Festliche Eröffnung mit einer kleinen Feierstunde
Die Quellenstadt hat endlich ein Museum
Zunächst wird eine Ausstellung über den Geyr-Sprudel gezeigt
Bad Breisig. Mit einer kleinen Feierstunde wurde das neu etablierte Museum der Quellenstadt eröffnet. Viktor Ziegler, Vorsitzender des Museums- und Heimatvereins, zeigte sich in einer Eröffnung der Veranstaltung höchst zufrieden, dass der Wunsch nach einem Museum - und sei es noch so klein und bescheiden - endlich Wirklichkeit werde.
Stadtbürgermeisterin Gabriele Hermann-Lersch begrüßte eine Reihe von Ehrengästen, darunter MdL Guido Ernst, Kreis-Beigeordneter Friedhelm Münch (in Vertretung des Landrats), Verbandsbürgermeister Bernd Weidenbach, Pastorin Inge Gaebel, Brunnenkönigin Maren Kraus, einige Mandatsträger der städtischen Gremien, aber auch Vereinsvertreter und eine Reihe interessierter Bürger.
Sie schilderte die Genugtuung, in dem historischen Schultheißen-Haus dank der Bereitschaft der Besitzerinnen Irmgard Mollstroh und Birgit Letschert den Platz für dieses dringend notwendige Museum gefunden zu haben.
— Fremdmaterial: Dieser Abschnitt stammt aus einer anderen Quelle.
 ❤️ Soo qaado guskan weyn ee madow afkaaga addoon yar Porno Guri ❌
Dort wolle man in Zukunft zum Beispiel wechselnde Themen-Ausstellungen verwirklichen und so der Historie der Stadt ein angemessenes Forum schaffen. Verbandsbürgermeister Bernd Weidenbach schloss sich den guten Wünschen für das Gelingen der Pläne rund um das Museum an und ging kurz auf die Geschichte des historischen Umfelds ein.
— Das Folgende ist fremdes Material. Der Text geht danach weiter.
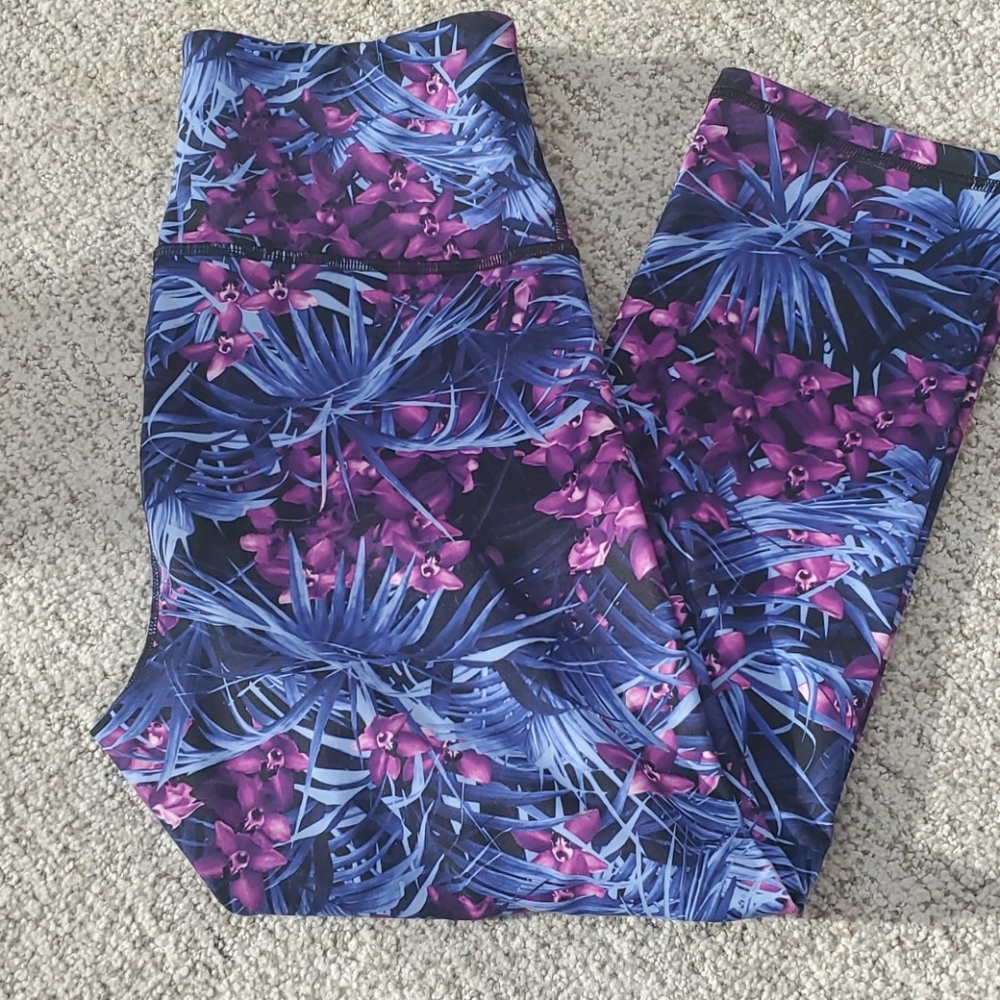 Old Navy Active Go-Dry capri leggings medium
Friedhelm Münch überbrachte die Glückwünsche des verhinderten Landrates und schenkte dem Museum das Wappen des Kreises Ahrweiler auf Glas - als passende Dekoration für das Museum. Brunnenkönigin Maren Kraus fand ihrerseits nette Worte der Gratulation für die neue Bleibe von Erinnerungen an die über lange Jahrhunderte dauernden Bad Breisiger Geschichte.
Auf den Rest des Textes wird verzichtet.